[Catalyst] Re: decoding in core

Mon Feb 23 21:31:35 GMT 2009

* Neo [GC] <neo at gothic-chat.de> [2009-02-23 16:45]:
> Does anyone know a _safe_ method to convert _any_ string-scalar
> to utf8?

There isn’t. Strings in Perl are untyped. They are simply
sequences of arbitrarily large integers.

If a string only contains values between 0 and 255, then it can
be stored in an optimised form that uses exactly one byte per
integer and the UTF8 flag is off.
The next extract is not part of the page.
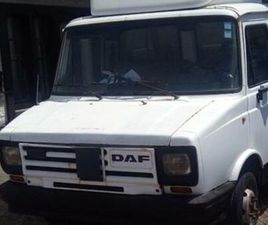 DAF 400 ② DAF 400 DIESSEL 2.500CC DE 1990 CAISSE POUR DEUX CHEVAUX — CAMIONNETTES & UTILITAIRES — 2EMEMAIN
Otherwise, it is stored in a
variable-width format that is identical to UTF-8 encoding, but
is not actually UTF-8. (There is no particular meaning implied
for these integers, and Perl strings can store integer values
that are undefined in Unicode.) The UTF8 flag simply means “this
is an unoptimised string”. It will sometimes be enabled on octet
strings (even though no integer value in the string is > 255) and
it will frequently be disabled on character strings. It tells you
nothing useful *at all* about the content of the string and you
should just forget that it exists. [^1]

If you have a string that corresponds to a sequence of octets
which store the encoded form of a string according to some
encoding, you have to manually keep track of this encoding,
because there is nothing about the string that tells you this.

The best approach is to simply decode strings as soon after input
as possible and encode them as late before output as possible. In
the middle of your code, then, you only have strings containing
Unicode codepoints.

[^1]: Almost. Unfortunately, there is quite a bit of broken XS
      code in modules out there which means you will have to
      `utf8::downgrade` strings to make sure they are stored in
      byte-wise optimised format before passing them in to such
      modules.

Regards,
-- 
Aristotle Pagaltzis // <http://plasmasturm.org/>